We evaluate our classifier using three subsets of our dataset. For every subset, we use all the hosts that appear in the last month as the test set and all the previous months as the training set. Thus, we use, e.g., the logs from November up to January in order to classify hosts seen in February logs. Hosts in the training set are labeled as “tracker” or “other” using the EasyPrivacy list as ground truth. Note that we also ensure that previously labeled vertices are not included in any future test sets. We use our classifier to tag each of the untagged nodes as tracker or non-tracker and measure precision, accuracy, false positive rate (FPR) and recall for each method. We assess classification stability, by randomly choosing test sets out of the complete dataset.

Table 1. New trackers per month

The number of test records and previously unseen trackers per month are shown in Table 1. We observe around 800 new trackers per month and this number is independent from the total number of requests to new pages over the 6 months of our dataset¹. This indicates that there is enough diversity in the tracker “ecosystem” that users are constantly exposed to “new-to-them” trackers. In turn, this strengthens the need for an automated detection system to alleviate the load on crowdsourced approaches.

Fig. 6.

Classifier performance for the neighborhood analysis method.

The classification results for February, March, and April are shown in Fig. 6. We assess the impact of threshold selection in the following ways: (a) Unlabeled nodes take the label of their neighbors’ most common tag (threshold = 0.00), and (b) The tag appears on at least a given fraction of the vertex’s neighbors.

In all cases, we achieve a classification precision that varies from 64 % up to 83 %. We observe that precision increases for higher thresholds: the more tracker neighbors a node has, the higher the probability that it is a tracker itself. Similarly, FPR and accuracy both improve for higher thresholds, but remain under 2 % and over 97 % in all cases. On the other hand, recall decreases as we increase the threshold, which means that we might miss a few trackers, but it is above 88 % in all cases.

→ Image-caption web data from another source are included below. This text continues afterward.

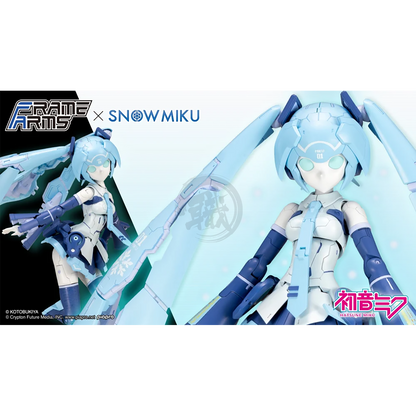 [Frame Arms] Frame Artist Snow Miku
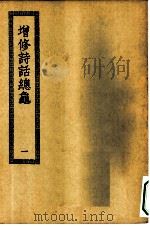 四部丛刊初编集部 增修诗话揔龟 1-2册 共2本 PDF电子版封面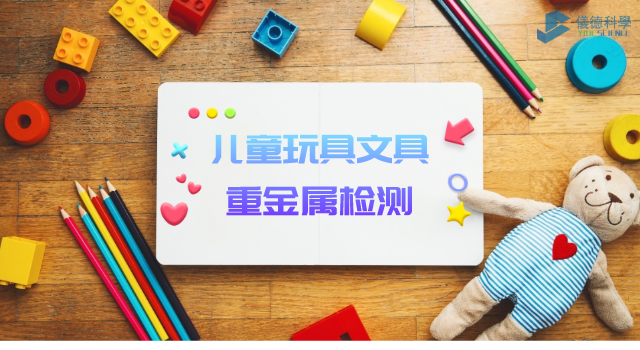 兒童玩具、文具重金屬檢測(cè)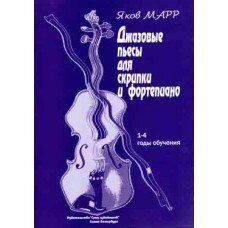 Джазові п'єси для скрипки і фортепіано. Автор - Марр Я.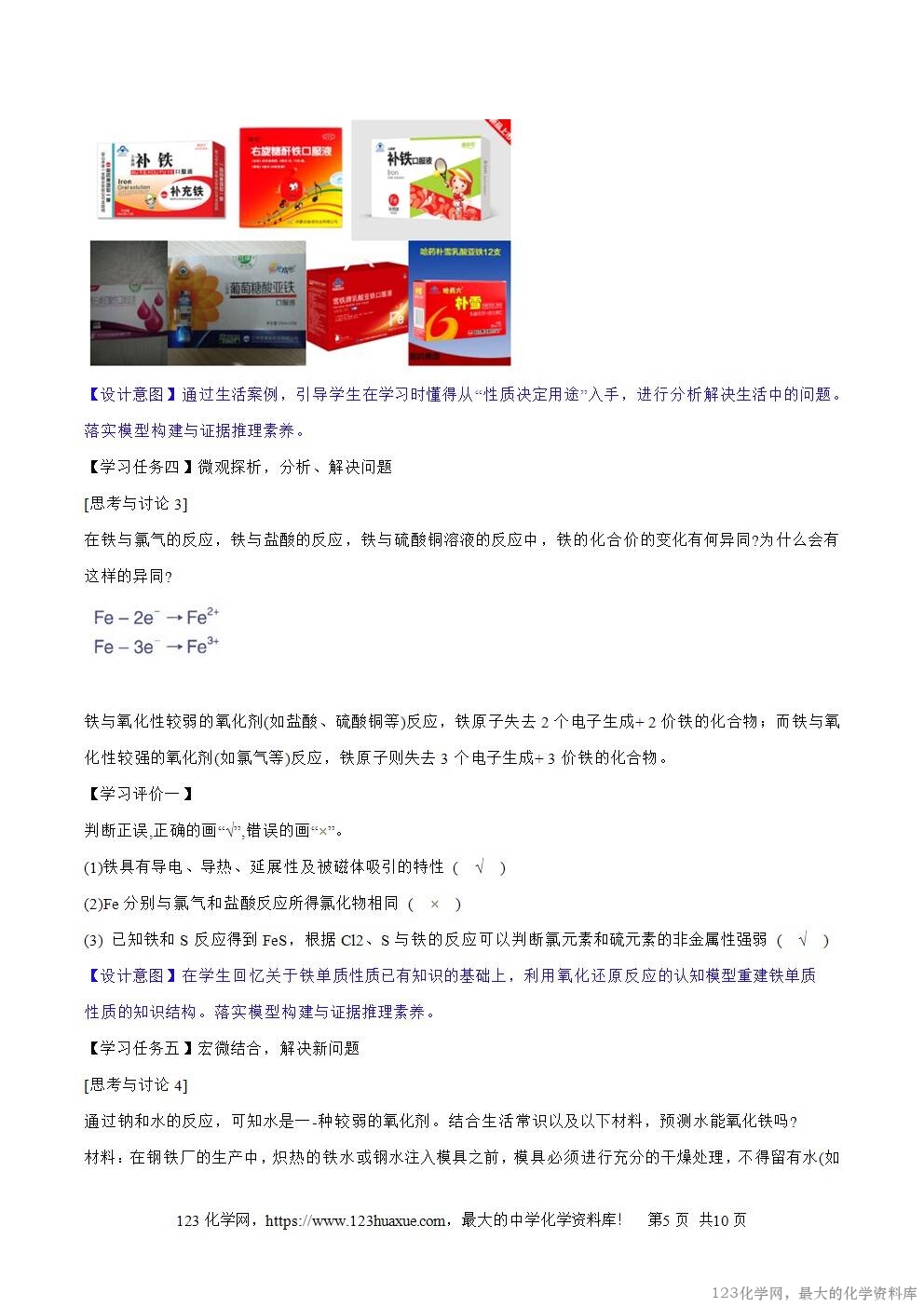 2025秋高一上人教版化学必修第一册备课教案3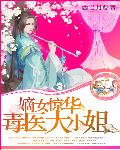 嫡女惊华：毒医大小姐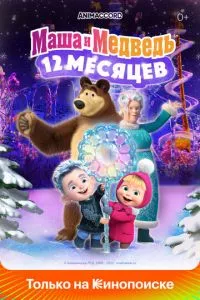 Смотреть Маша и Медведь в кино: 12 месяцев (2022) онлайн бесплатно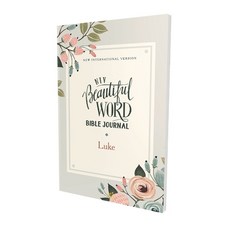 (영문도서) Niv Beautiful Word Bible Journal Luke Paperback Comfort Print Paperback, Zondervan, English, 9780310455301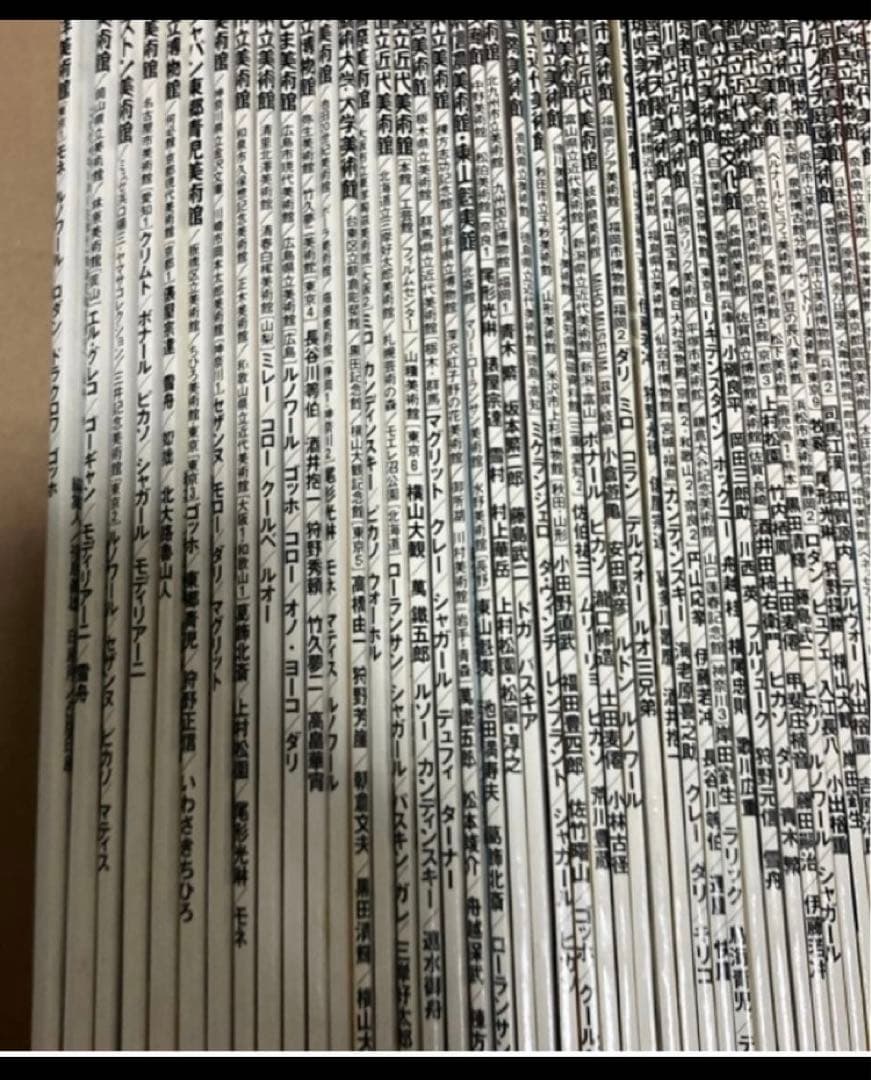 SALE❣️ 週刊　美術館を楽しむ　５０冊セット　全巻【美術館 図録 本 作品集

4.2 Classification via Label Propagation

Label Propagation is a scalable iterative algorithm for community detection [11]. It exploits the graph structure to propagate labels and identify densely connected groups of vertices. Initially, vertices are assigned unique labels. Then, in an iterative fashion, vertices exchange labels with their neighbors. At each iteration, a vertex receives a list of labels of its immediate neighbors, adopting the most frequent label for itself. The algorithm converges when an iteration results in no label changes.

Fig. 7.

Illustration of label propagation technique for tracker classification.

Table 2. Label propagation classification results

Figure 7 illustrates how we use this algorithm on the hosts-projection graph. First, vertices propagate labels until convergence (i=0:4 in Fig. 7a); next vertices with the same label are grouped in the same community (i=5 in Fig. 7a). Then, we use the EasyPrivacy list to identify and tag known trackers inside the clusters, and tag as non-trackers white-listed vertices (Fig. 7b). Finally, we assign a super tag to each cluster by choosing the most popular tag among its cluster members (Fig. 7c). We classify unlabeled nodes by assigning them the super tag of the cluster in which they belong.

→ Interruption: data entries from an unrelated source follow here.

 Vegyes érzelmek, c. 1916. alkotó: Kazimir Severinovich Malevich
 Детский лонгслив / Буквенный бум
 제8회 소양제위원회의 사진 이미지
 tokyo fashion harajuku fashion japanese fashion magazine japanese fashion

The results for the label propagation method are shown in Table 2. To assess classification stability, we evaluate the classification using random sets of test records of varying sizes. Instead of selecting the test set based on the timestamp of the log record, we create test sets from the complete graph, by randomly choosing log records and marking them as “untagged”. We run this experiment for test sets of 5 %, 10 %, 20 % and 30 % of the complete dataset and repeat it 3 times.

By exploring further than the first-hop neighborhood of nodes, this method can successfully locate the trackers community and classify test items with extremely high precision, up to 94 %, in addition to achieving high accuracy and recall, and lowering FPR. Further, this result does not come at a performance cost: the algorithm converged in less than 10 iterations for all the test sets used. Finally, this method has the advantage of not needing a manually set threshold.

5 Related Work

A number of studies have empirically analyzed the ecosystem of trackers and third-parties on the web, focusing on behavioral and network aspects.

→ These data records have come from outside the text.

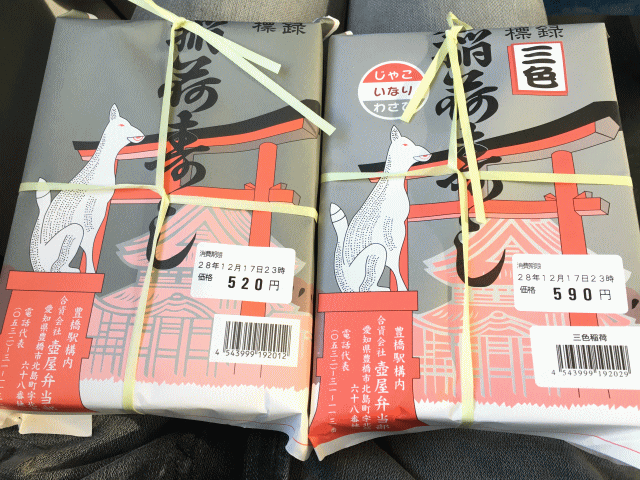 稲荷寿し&三色稲荷寿しの外観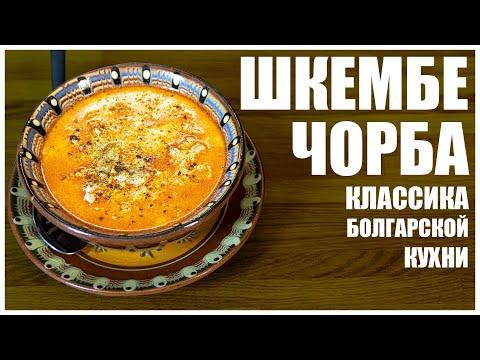 Шкембе-чорба - легендарный болгарский суп из рубца, звезда народной  и национальной кухни Болгарии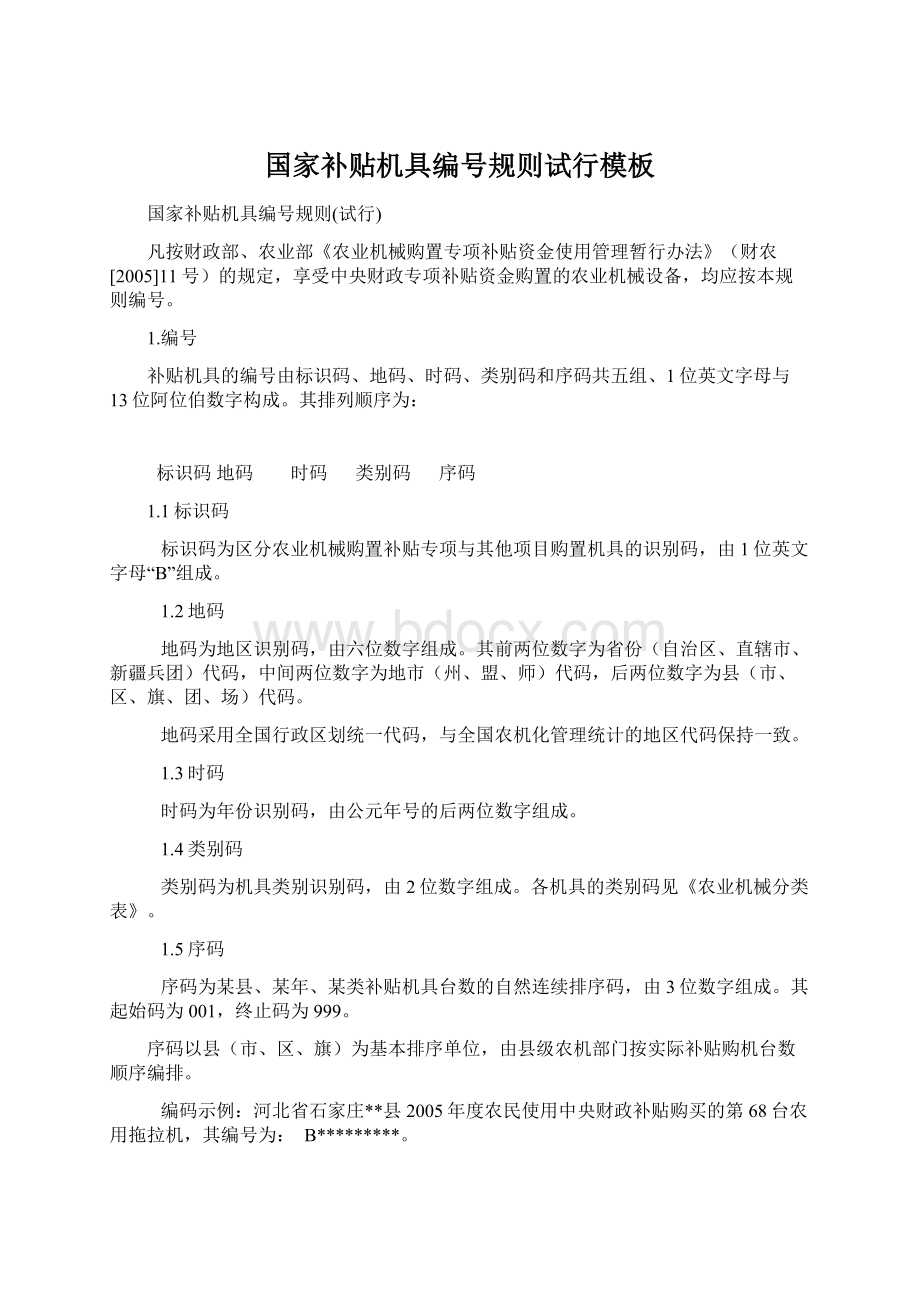 国家补贴机具编号规则试行模板Word文件下载.docx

TrackAdvisor [8] is a tool that analyzes cookie exchange statistics from HTTP requests to automatically detect trackers. Similar to us, their goal is to identify trackers without having to rely on blacklists. They also identify third-party requests by looking at the referer field. Their dataset is created by visiting Alexa top 10 K pages (not real user data) and is an order of magnitude smaller than ours (500 k requests in total). Our method does not need to intercept cookie traffic. Our finding that a tracker appears in multiple pages agrees with their results. In conclusion, we could call the two methods complementary; they could be combined to produce a more powerful tool.

Roesner et al. provide a study of web tracking, classifying tracking behaviors and evaluating defense mechanisms [13] using web traces from AOL search logs to simulate real user behavior. They build a classification framework for distinguishing different types of trackers, based on their functionality. In contrast, our classification method distinguishes between trackers and non-trackers, while it is oblivious to the tracker mechanisms and functionality specifics.

Bau et al. propose a machine learning mechanism for detecting trackers [4]. They evaluate machine learning approaches and present results from a prototype implementation. They use DOM-like hierarchies from the crawl data HTTP content headers as the main features. While they achieve precision of 54 % for 1 % FPR, our methods achieve much better precision and lower FRP, while not relying on page content collection.

Gomer et al. investigate the graph structure of third-party tracking domains in [6] in the context of search engine results. They obtain their graph by using searching several popular search engines with a set of pre-defined queries as opposed to real browsing behavior as we do. Their focus is on how users are exposed to trackers via normal search behavior and they find a 99.5 % chance of being tracked by all major trackers within 30 clicks on search results. They further found that the graph structure was similar across geographic regions, which reduces the concern of bias in our dataset.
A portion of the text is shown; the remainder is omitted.